FORTUNE MAGAZINE
October 27, 1997
Key to Success: People, People, People
"All we can do is bet on the people whom we pick," says Fortune 50 CEO. "So my whole job is picking the right people." He's not kidding: He personally interviews all candidates for the top 500 jobs at GE. Few bosses of the world's most admired companies go that far, but our survey found that the ability to attract and hold on to talented employees was the single most reliable predictor of overall excellence. With that in mind, consultants at the Hay Group, FORTUNE's partners in. conducting the survey, set out to see what hiring and career- development practices the top companies have in common. Seven basic themes emerged:
Top managers at the most admired companies take their mission statements seriously and expect everyone else to do likewise. Mission statements--often viewed by the troops as platitudinous--surprisingly get lots of respect from this year's winners. Says Fortune 50 CEO: "Making your numbers but not demonstrating our values is grounds for dismissal." Instead of some vague expression of values, GE uses a clear and specific list--succinct enough to fit on a wallet-sized card--that keeps everybody pulling in the same direction. "Most companies have created a sketch of the culture they want to build," says Bruce Pfau, a managing director of the Hay Group. "By contrast, the most admired companies have something closer to a detailed architectural blueprint, and they are constantly referring to it." For instance, lots of companies say they want global thinkers, but Procter & Gamble and Citibank back that up with action: Fully half of senior managers at both U.S. companies are non- Americans.
- Success attracts the best people--and the best people sustain success. It sounds commonsensical, and it is. If you want to get great people, start by being great at what you do. Says Intel president Craig Barrett: "People perceive us as leading- edge, successful, and visible in the marketplace, and they want to be a part of that."
- The top companies know precisely what they're looking for. The most admired outfits go well beyond the resume and put candidates through intense psychological testing. Federal Express, for instance, looks for what the company calls "risk taking and courage of conviction." You probably won't land a job at Disney unless you have an "up personality." Procter & Gamble's strategy is to hire the best young people now and. develop them over their entire careers, so CEO John Pepper visits college campuses to seek out what he calls "the lifeblood of our future.

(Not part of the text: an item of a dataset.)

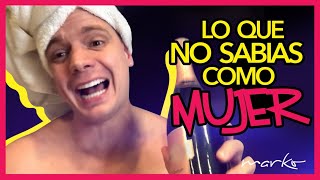 Lo que no sabias cómo mujer 😂 [upl. by Dusa78]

- They see career development as an investment, not a chore. Intel spends an impressive 6% of its total payroll--$160 million last year--on its in-house university, and all senior managers must do a teaching stint there every quarter. Everyone who aspires to senior management at SmithKline Beecham has to have "2+2+2" experience--hands-on experience in two businesses, in two roles (say, manufacturing and finance), in two countries. And the most admired companies' CEOs, like Bertelsmann's Mark Wossner and Gillette's Alfred Zeien, personally coach the most promising young talent.
- . Whenever possible, they promote from within. The most admired companies hire people not for a single job but for a career. At Citibank, a talent inventory program keeps track of about 10,000 employees worldwide--how they're doing, what skills they need to work on, and where else in the company they might thrive. Citibank human resources chief Larry Phillips calls the program "critical" to the company's global growth.
- They reward performance. Melvyn Stark, a compensation specialist at the Hay Group, notes that at the most admired companies a far greater percentage of the work force is eligible for stock ownership, options, and bonuses. At Federal Express and Intel, for instance, all employees qualify. This variable pay accounts for a much bigger than average piece of everybody's total compensation. And the admired companies value long-term performance more than short.
- They measure work force satisfaction. Judging from the variety and frequency of their internal surveys and 360-degree evaluation schemes, the most admired companies seem genuinely interested in what their employees think. Intel surveys a broad sample of workers every two years to make sure they're getting what they want.
What does it all add up to? Simply this: Every company claims that its people are its most important asset. The most admired companies in the world show they really mean it.